[Supplied data — start]

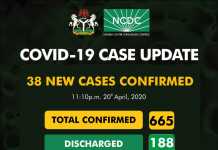 BREAKING: Nigeria Records 38 New confirmed COVID-19 cases with No case for Lagos for the first time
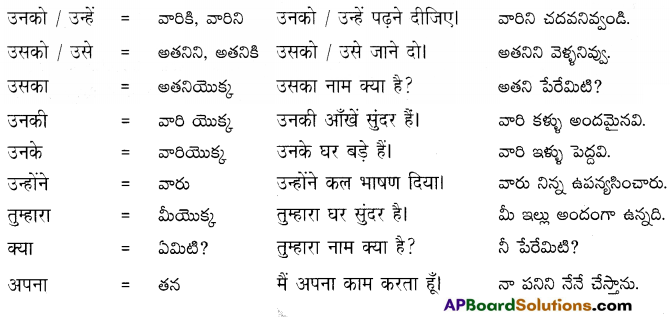 TS 8th Class Hindi Guide 5th Lesson धरती की आँखें 2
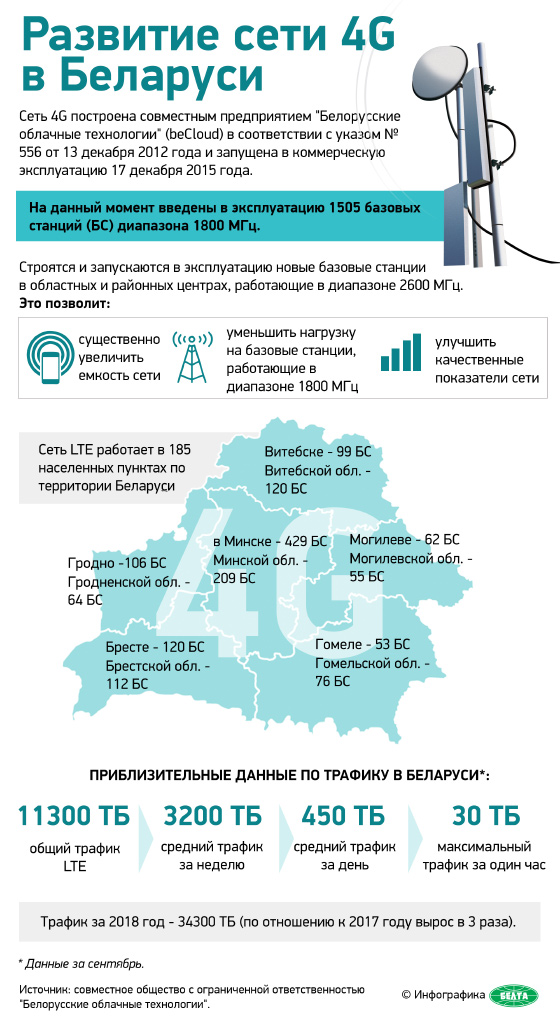Развитие сети 4G в Беларуси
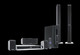 Panasonic SC-PT475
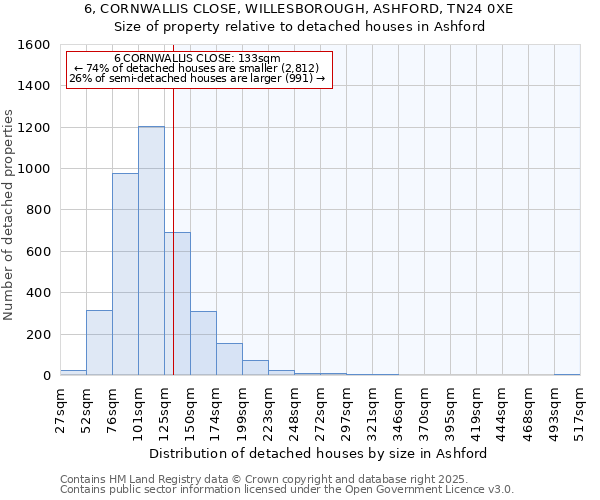 6, CORNWALLIS CLOSE, WILLESBOROUGH, ASHFORD, TN24 0XE: Size of property relative to detached houses houses in Ashford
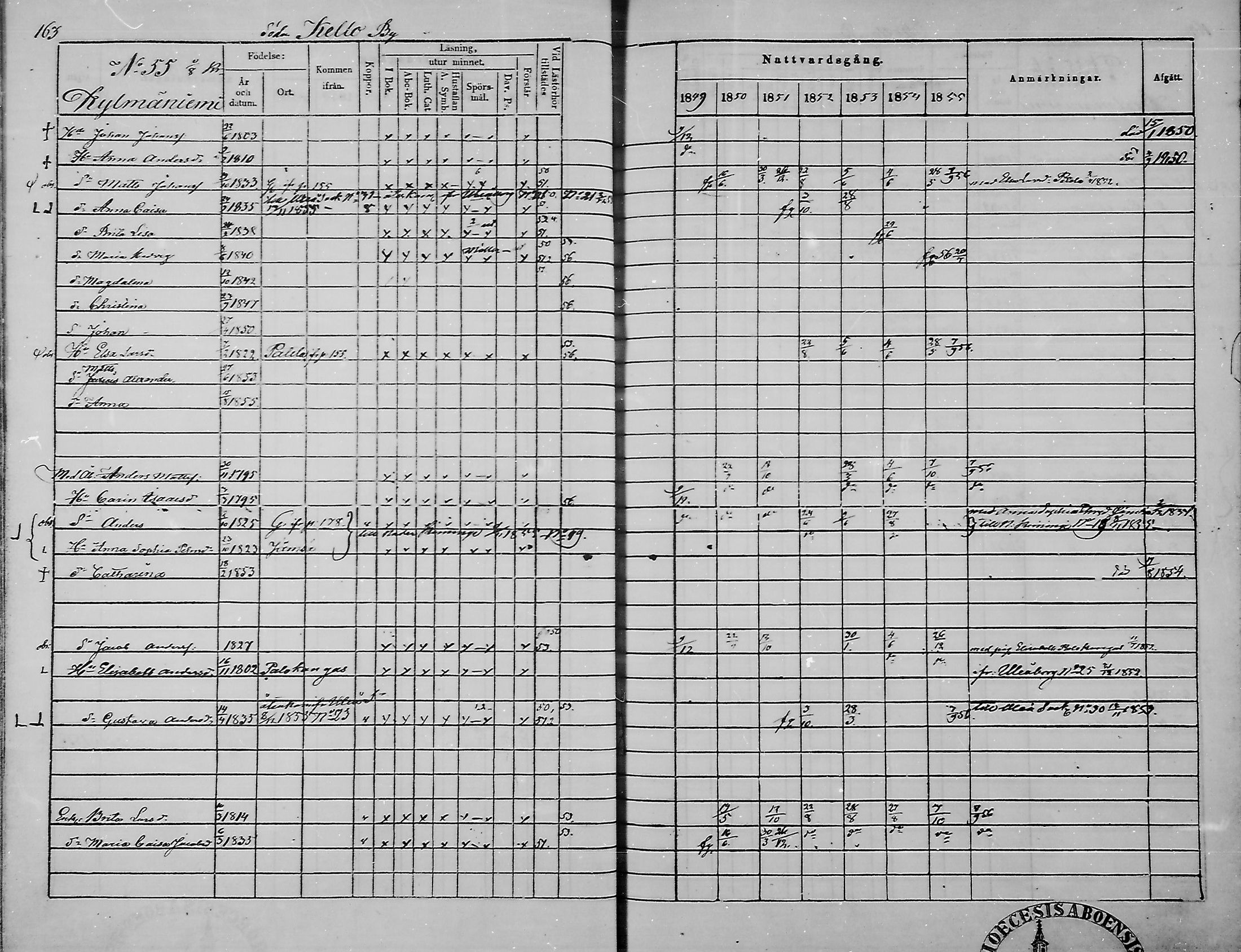 [ ../kirjat/Kirkonkirjat/haukipudas/rippikirja_1849-1855_mko81-89/kuvat/164.jpg ]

[Supplied data — finish]

Your task. Repeat word for word the lines starting at the one with "TS 8th Class" and ending at the final line of the records above, both included; no pictures.

Expected answer.
 TS 8th Class Hindi Guide 5th Lesson धरती की आँखें 2
Развитие сети 4G в Беларуси
 Panasonic SC-PT475
 6, CORNWALLIS CLOSE, WILLESBOROUGH, ASHFORD, TN24 0XE: Size of property relative to detached houses houses in Ashford
 [ ../kirjat/Kirkonkirjat/haukipudas/rippikirja_1849-1855_mko81-89/kuvat/164.jpg ]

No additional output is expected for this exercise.